A discovery of mammoth proportions was made in the North Valley.
Paleontologists unearth a treasure trove of fossils dating back to the ice age.
The fossilized bones of mammoths and other prehistoric animals were discovered during a highway expansion project along Highway 99 at Arboleda Drive, south of Merced.
The find gives an insight into what roamed the Valley floor back in the ice age.
Caltrans had a paleontologist on site when the discovery was made because it was suspected fossils would be found in that area.
Besides mammoth bones, scientists have identified what they believe are the remains of dogs, camels, antelope, horse and bison.
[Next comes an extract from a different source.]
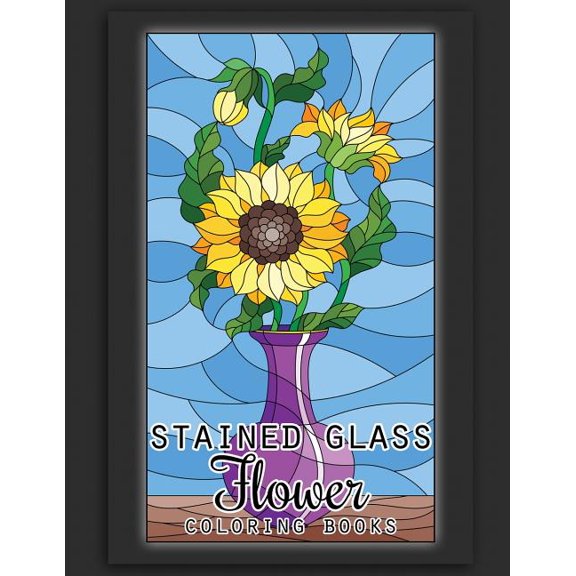 Stained Glass Flower Coloring Books: 50 Coloring Pages of Stained Glass Flower, Garden, Butterfly and Bird Illustration Stress Relieving Activity Books for Adults (Paperback)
Scientists say it's unusual to find so many ice age fossils in Merced County.
Angela Daprato with the California Department of Transportation said, "Caltrans right now is working to determining each fossil that we're finding and their era but right now we are stating that the mammoth is from the ice age."
It's believed woolly mammoths were creatures that lived during the last glacial period and became extinct about 10,000 years ago.
Construction of the $128 million high project stopped as soon as the bones were located to give scientists time to identify and remove the artifacts. "Caltrans is committed to preserving these historical artifacts and we always use proper protocol to maintain their integrity for proper study," said Daprato.
The last time mammoth fossils were found in the Central Valley was back in the 1990s in Madera County.
Caltrans is widening the 4-lane highway to a 6-lane freeway south of Merced.